WORK REQUEST:
Line by line, repeat the data below exactly, beginning at the first line and ending at the line with "vector illustration of". Omit pictures.
═════ DATA TO USE
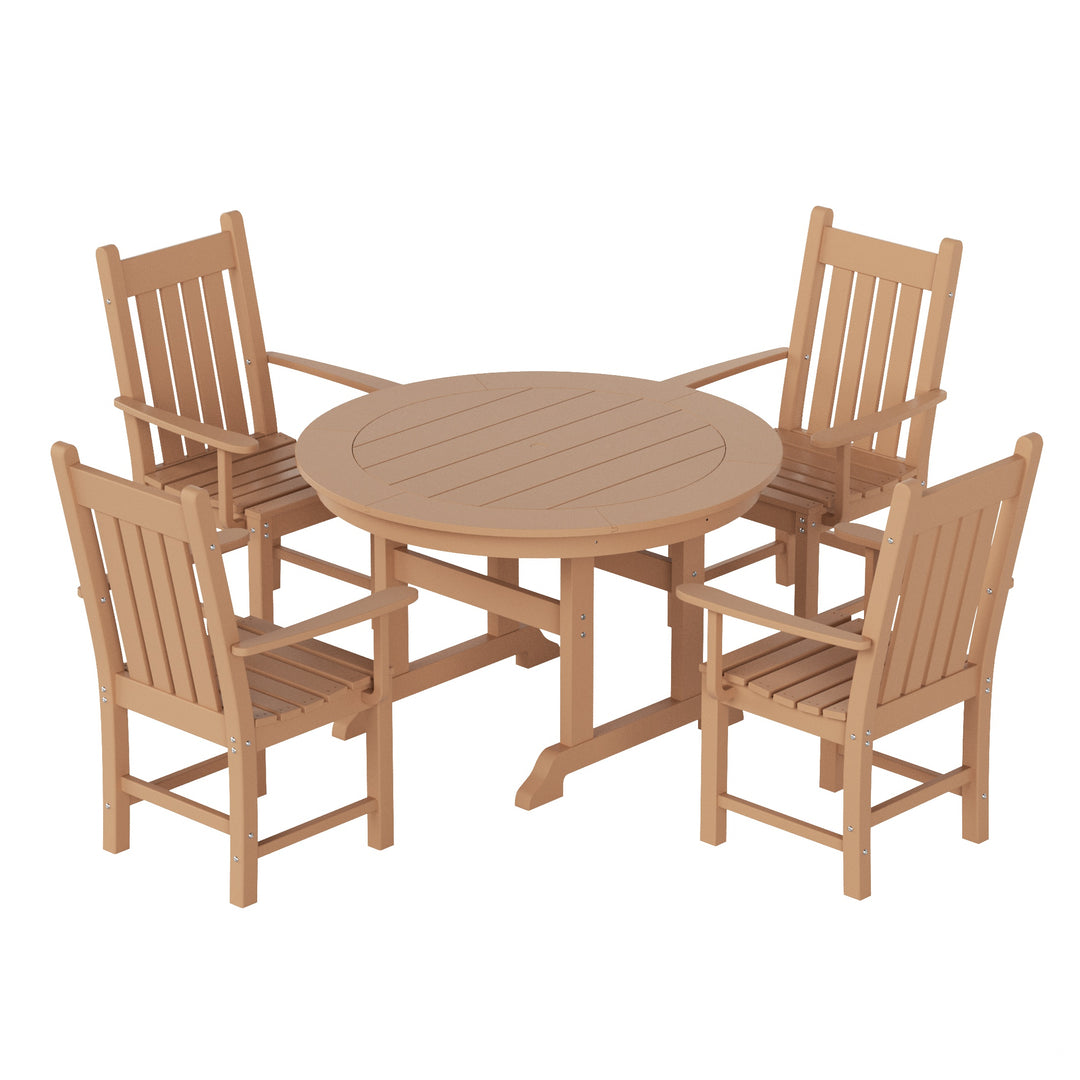 Malibu 5 Piece Outdoor Patio Dining Set Outdoor Round Table and Armchair Set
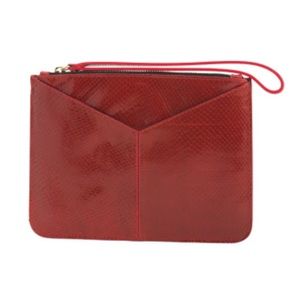 Punto Fibbia Python Leather Wristlet Made in Italy
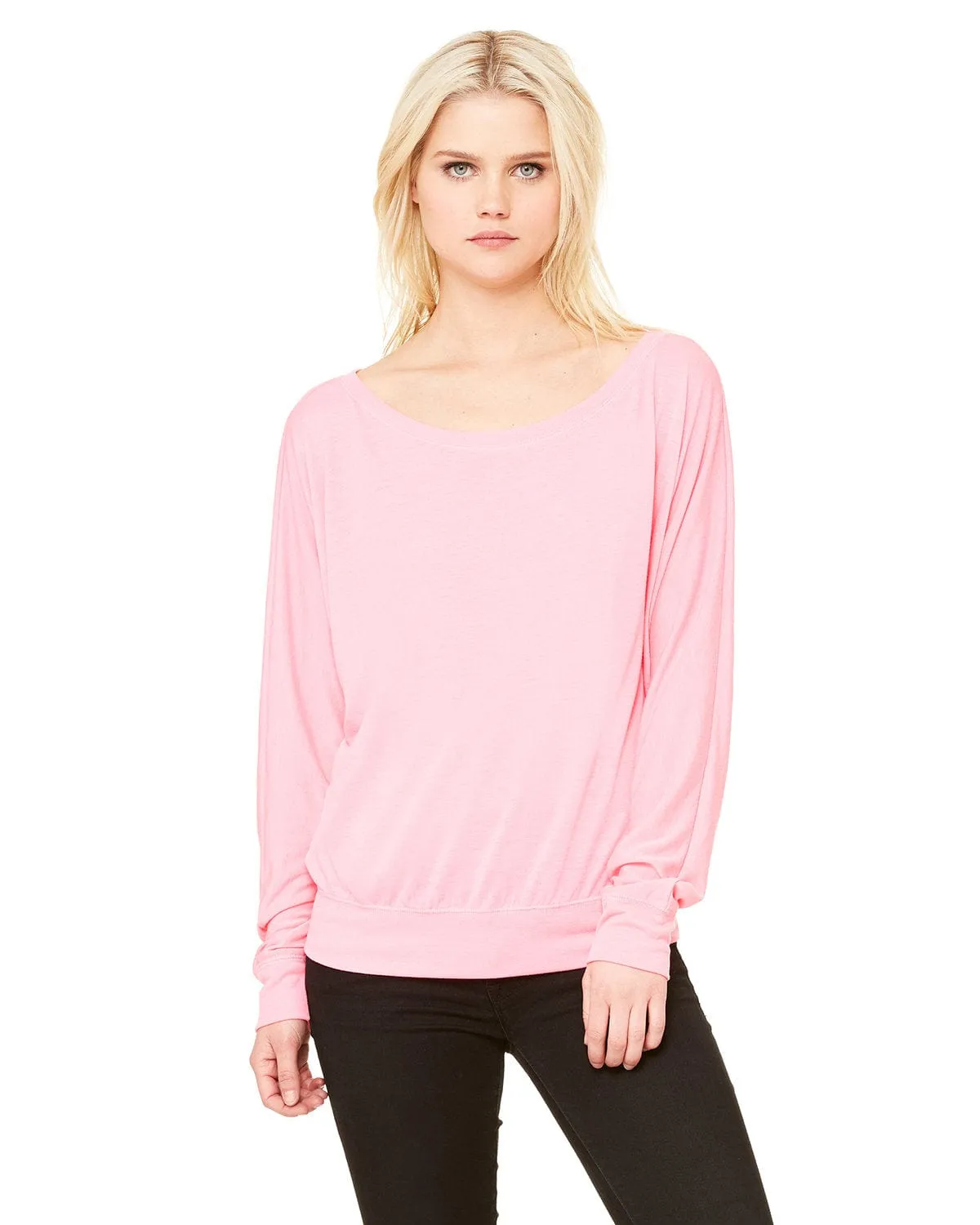 Bella Canvas Ladies Long Sleeve Off The Shoulder Top | Neon Pink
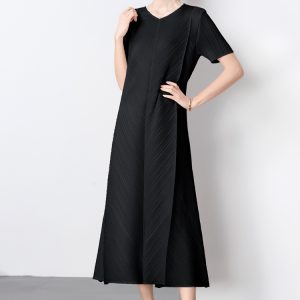 Pleats Please dress short sleeve long dress
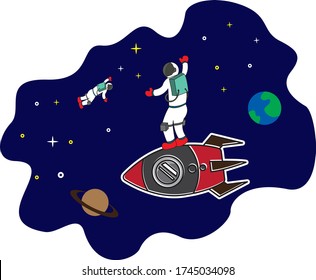 
vector illustration of two astronauts in space working together. This picture is suitable for children's books, digital printing, t-shirts, picture books etc.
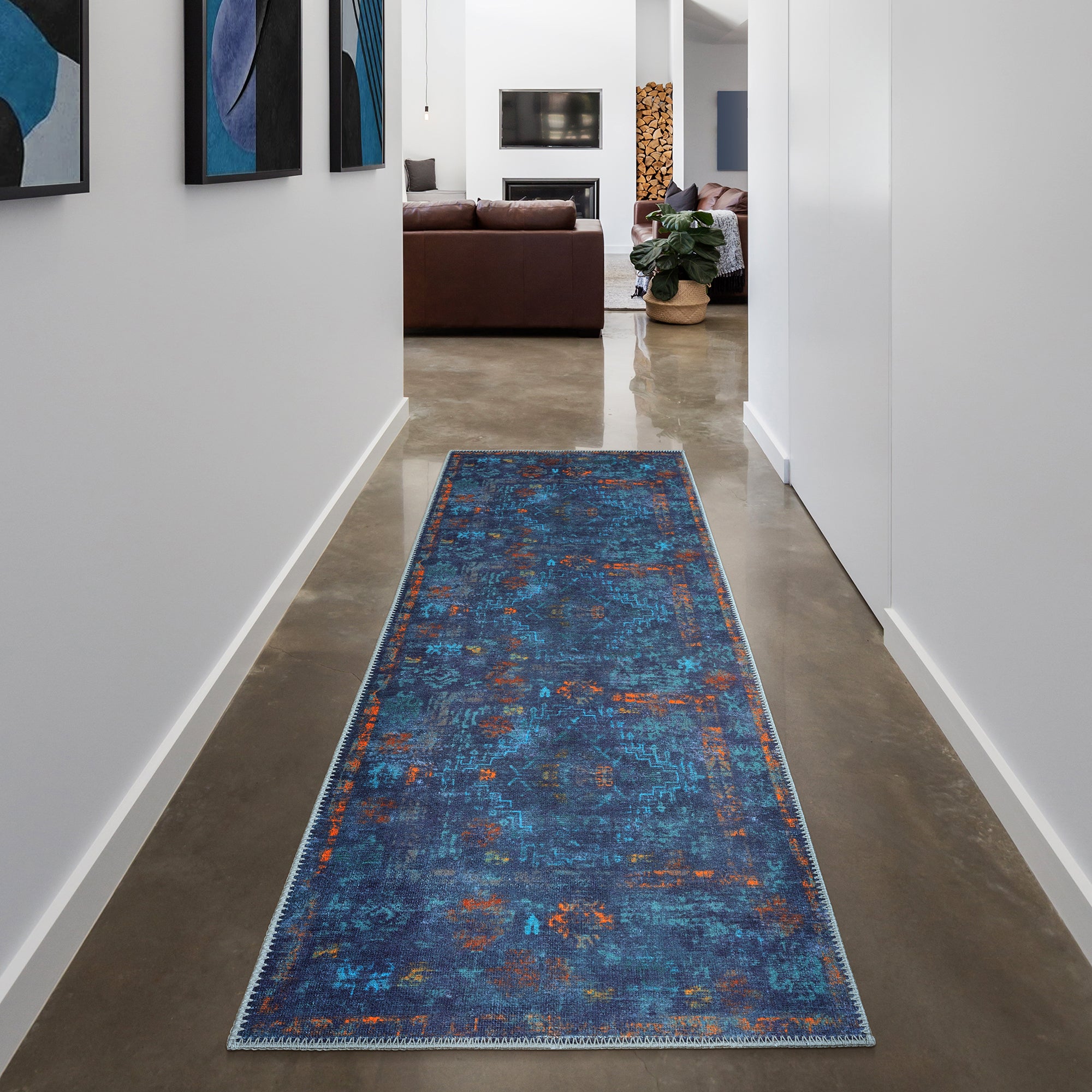 GLN Rugs Atlantis - Machine Washable Area Rug - Abstract Dark Blue Home Rugs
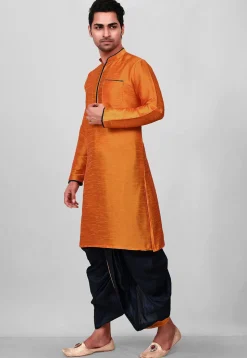 Contrast Trim Dupion Silk Dhoti Kurta in Orange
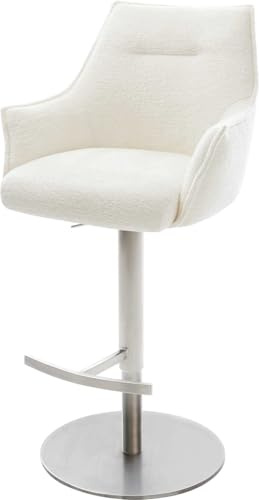 DELIFE Barstuhl Alja-Flex Drehfuß höhenverstellbar Edelstahl Silberfarben Bouclé Soft Beige Taschenfederkern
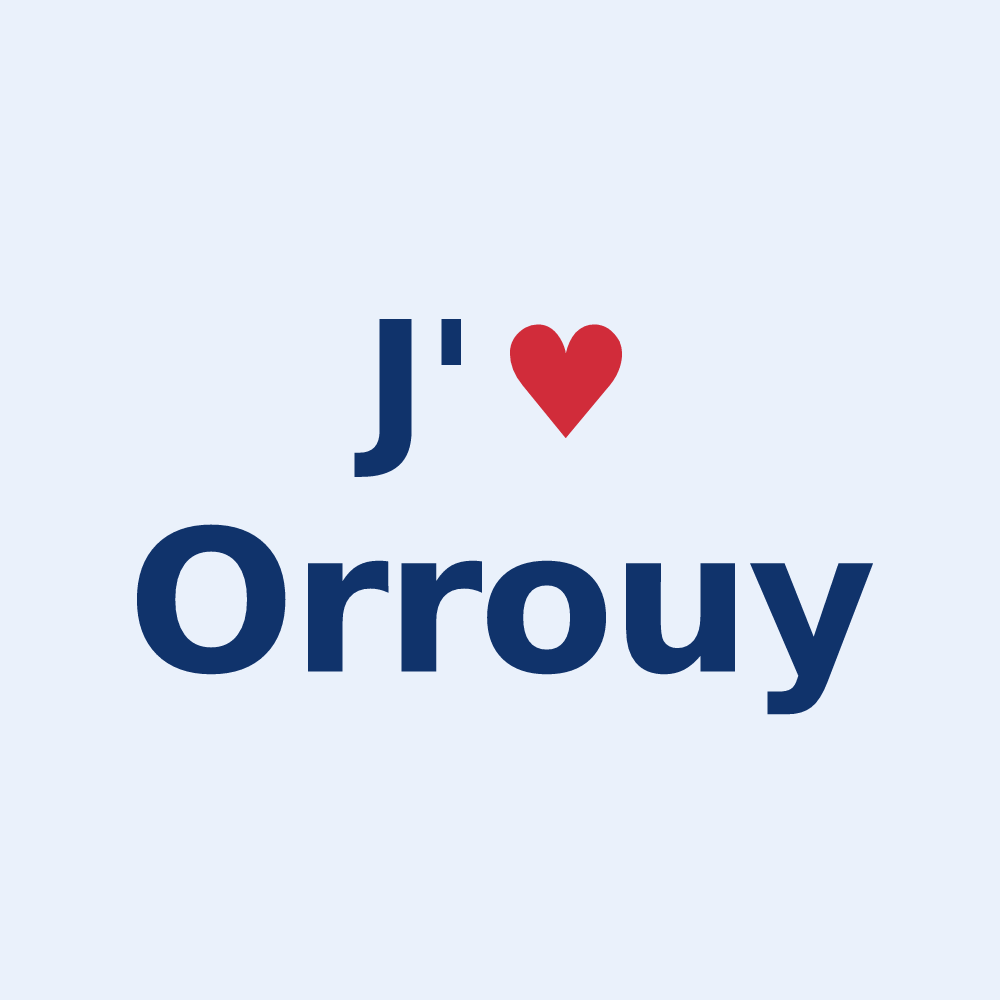 Sticker personnalisé Orrouy — design J'aime Orrouy
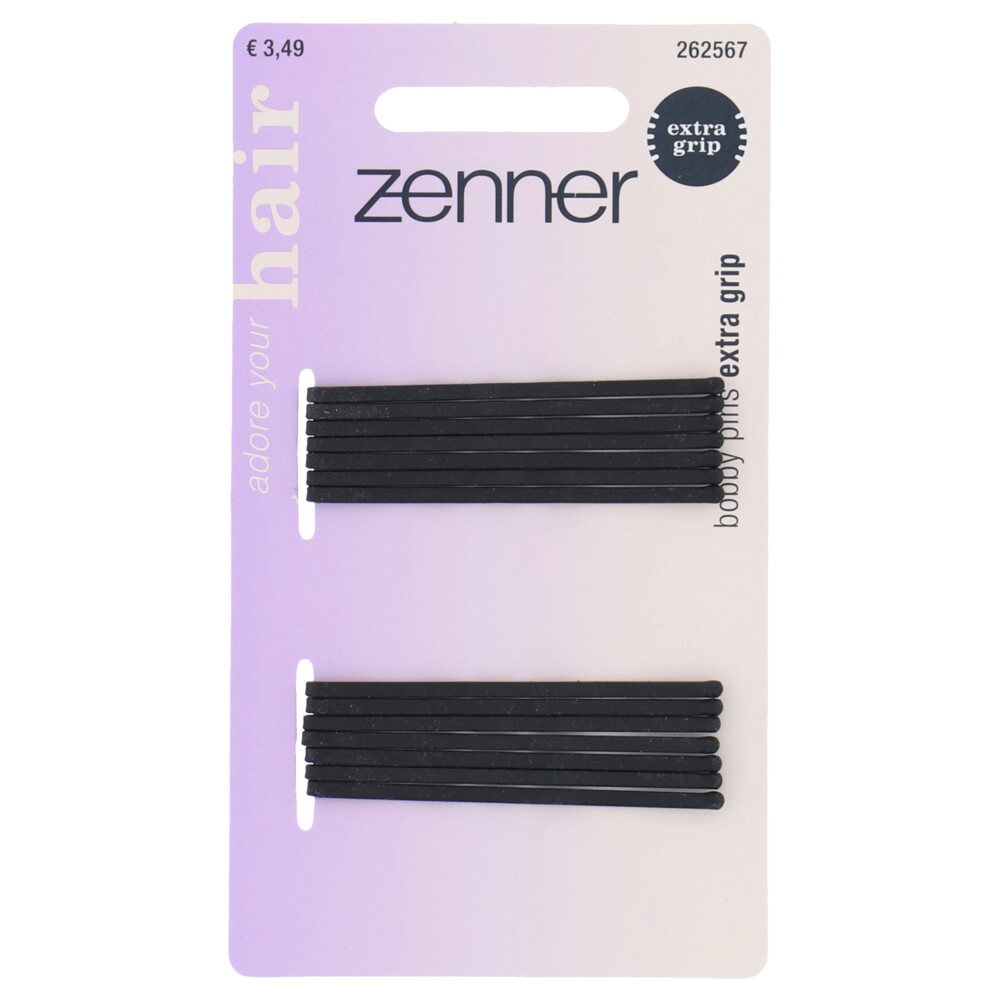 6x Zenner Haarschuifje Extra Grip Zwart 5cm 14 stuks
══════════
PROBLEM SOLUTION:
 Malibu 5 Piece Outdoor Patio Dining Set Outdoor Round Table and Armchair Set
 Punto Fibbia Python Leather Wristlet Made in Italy
 Bella Canvas Ladies Long Sleeve Off The Shoulder Top | Neon Pink
 Pleats Please dress short sleeve long dress
vector illustration of two astronauts in space working together. This picture is suitable for children's books, digital printing, t-shirts, picture books etc.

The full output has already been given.